#23M5S
Już zapach, który rozszedł się po przebiciu wieka, był dość kontrowersyjny. Zawartość jednak zaszokowała wszystkich zebranych – faktycznie, rybka, ale chyba w całości – z łbem, flakami, ogonem. W dodatku miało toto ogromne ostre zęby w wielkiej paszczy. Nigdy takiego potwornego stwora przedtem nie widziałem. Nikt nie pokusił się o spróbowanie i wszystko wylądowało na podwórzu, niby dla kotów. A one po prostu uciekły w popłochu. Za to puszka rozpoczęła nowe życie. Miała taką właściwość, że nic nie czepiało się jej ścianek, było ją bardzo łatwo umyć i była dość lekka.
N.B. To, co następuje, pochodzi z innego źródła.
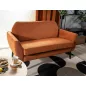   Mena Fahéjbarna Bársony Kétszemélyes Kanapé Wenge Lábakkal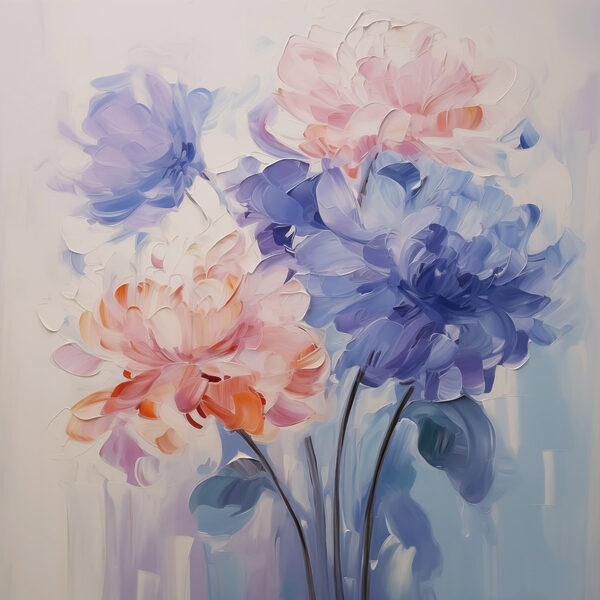 Painting of flowers on a white surface Painting of flowers on a white surface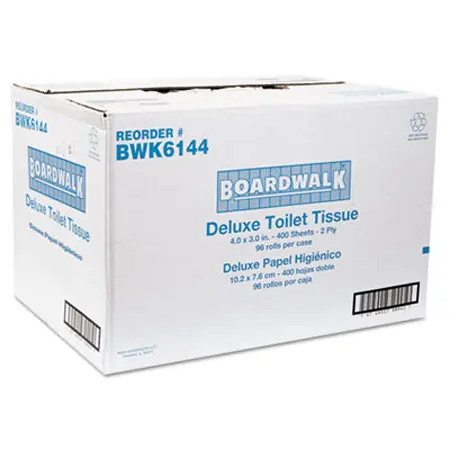 Boardwalk Emb 2ply T/t 4x3 Whi 96 Rolls/cs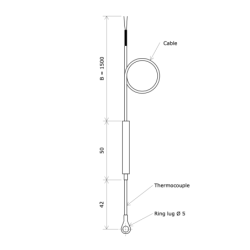 Thermocouple J with Ø5 ring lug termination 3171102 Vulcanic Draw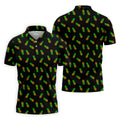 Pineapple Grenade Black And Yellow Golf Tops For Men, Men Polo, Golf Gift For Men, Golfing Apparel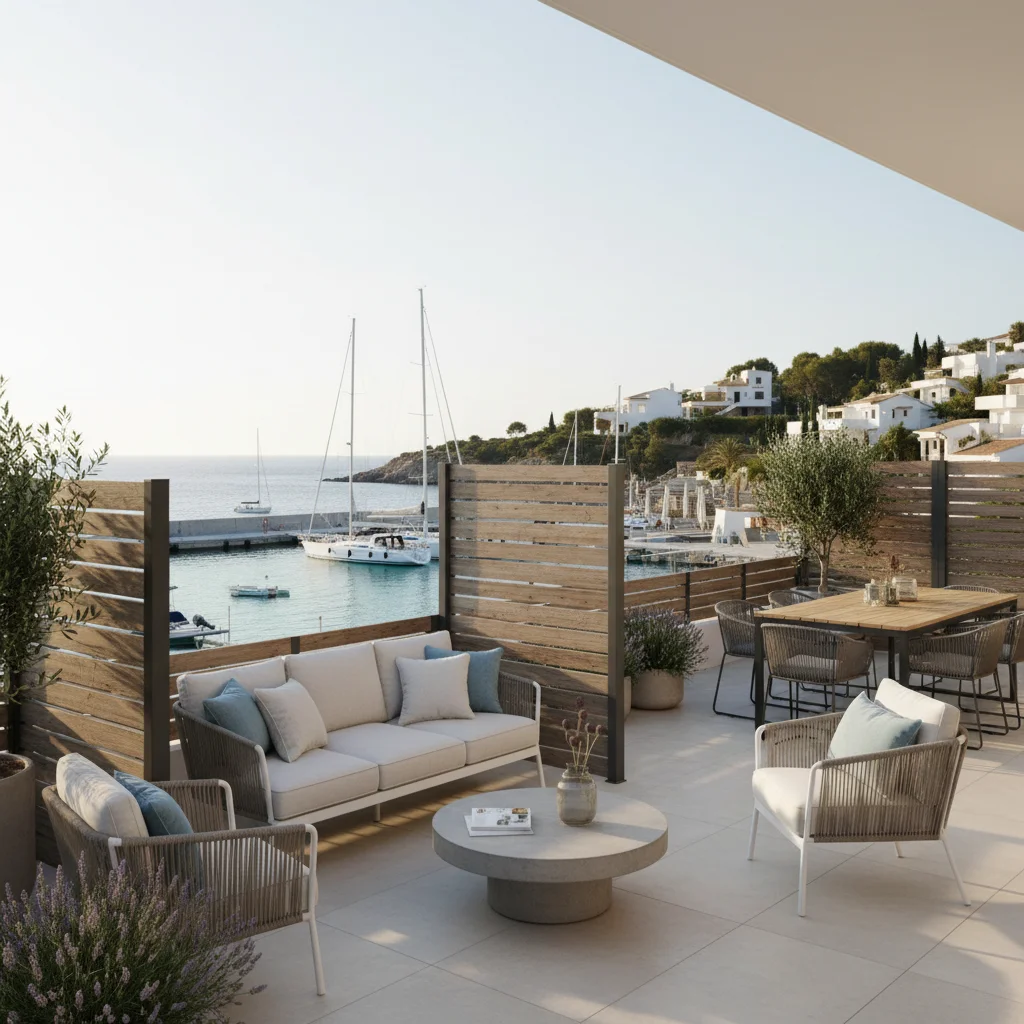 Garden Fencing & Privacy Screens setup on a Mediterranean terrace in Moraira, Costa Blanca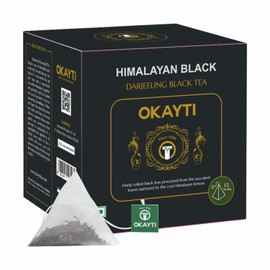 Okayti Darjeeling Himalayan Black Tea | 16 Pyramid Tea Bags | Whole Leaf, Single Estate 100% Organic Darjeeling Tea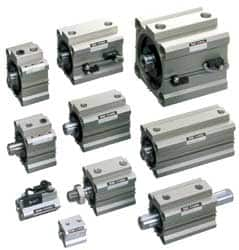 SMC PNEUMATICS - 1-3/16" Stroke x 3-1/4" Bore Double Acting Air Cylinder - 3/8 Port, 5/8-18 Rod Thread, 145 Max psi, 15 to 160°F - Strong Tooling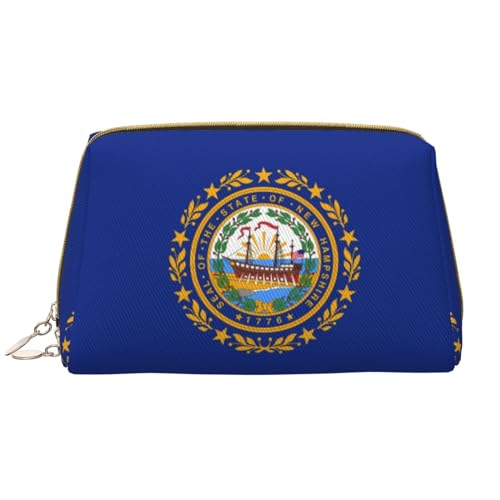 Chrysm Reise-Make-up-Tasche, Kultur- und Kosmetiktasche, Reißverschluss-Tasche, Kosmetik-Organizer, niedliche Make-up-Pinsel-Aufbewahrungstasche (groß), Flagge von New Hampshire, Einheitsgröße von Chrysm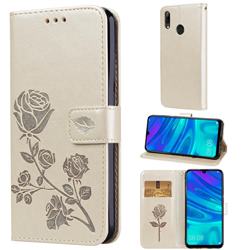 Embossing Rose Flower Leather Wallet Case for Huawei P Smart (2019) - Golden
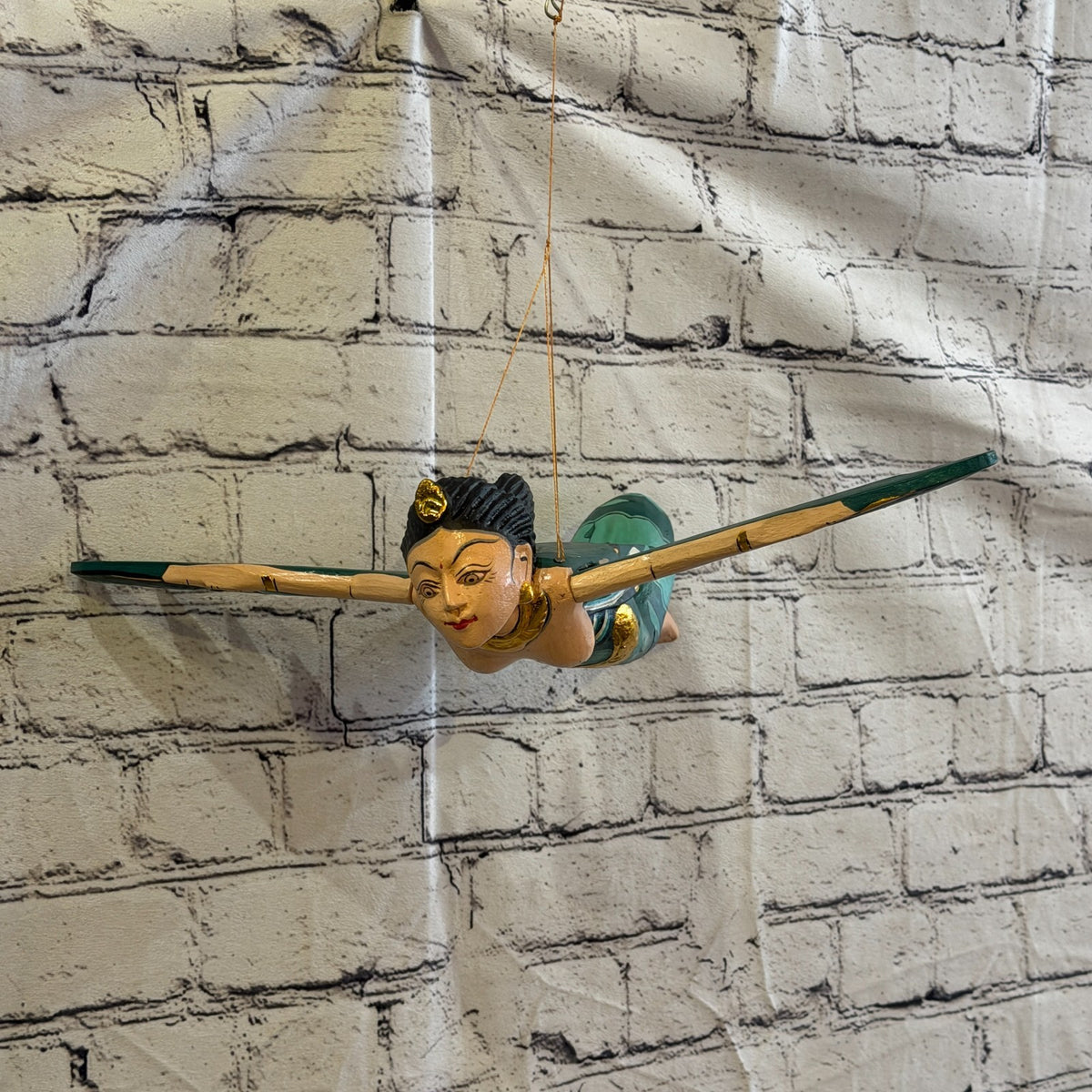 30cm Green Sita Hindu Folk Art Carved Wood Flying Winged Mobile Spirit Guardian1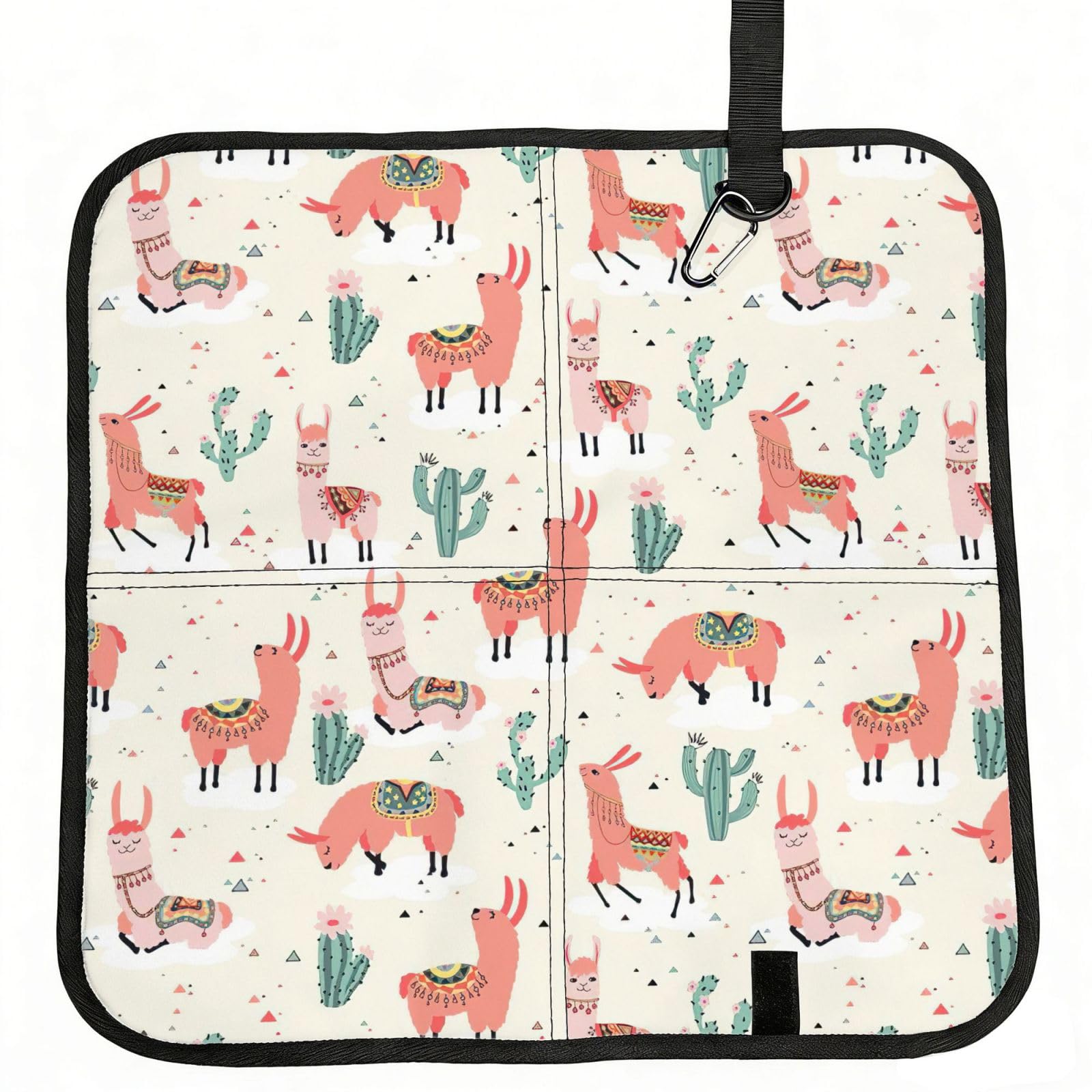 SDEGTHO Pink Camel Cactus Print Padded Seat Pad Folding Cushion Waterproof Bench Mat Portable Outdoor Rest Mat 15.8"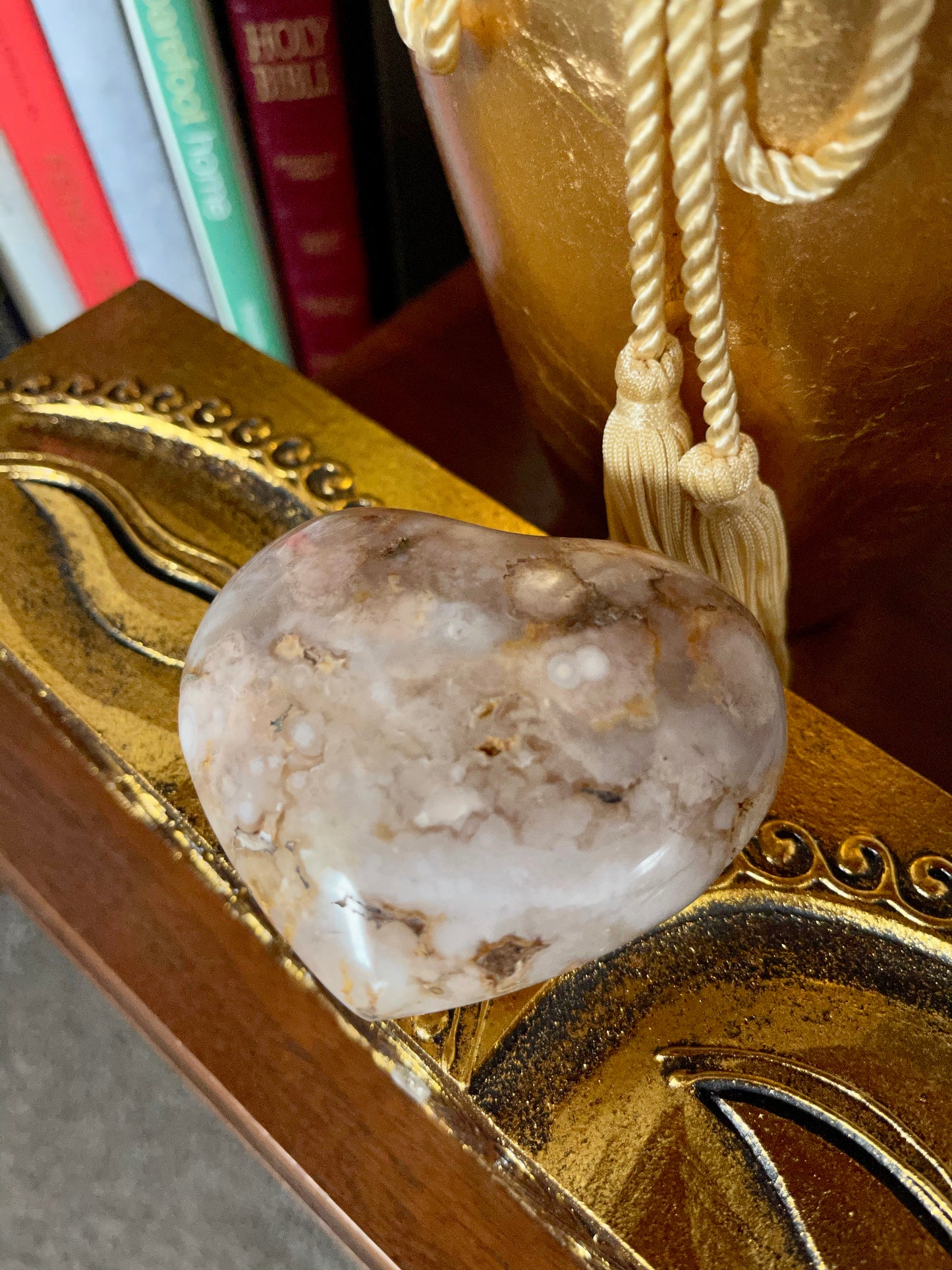 Large Agate Heart, Cherry Blossom Agate, Crystal Magic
Przez długie lata służyła za poidło dla ptactwa domowego, potem jako miska dla kilku pokoleń psów. Kuzyn ją kiedyś przejechał ciągnikiem, lecz wcale jej to nie zaszkodziło. Gdy 30 lat później odwiedziłem rodzinę, okazało się, że puszka dalej żyje – niezniszczalna i czysta. Zwierząt już nie ma, ale syn kuzyna używa jej, gdy rozkręca jakiś samochodowy silnik – odkłada tam i myje wszelkie drobne elementy.
Wot gniotsja, nie łamiotsja…
W latach 80. w nieco podobnych puszkach sąsiad przywoził ruską chałwę. Nieco, bo też nic nie czepiało się ścianek, ale czy była taka pancerna, to albo nikt nie sprawdzał, albo ja nie pamiętam.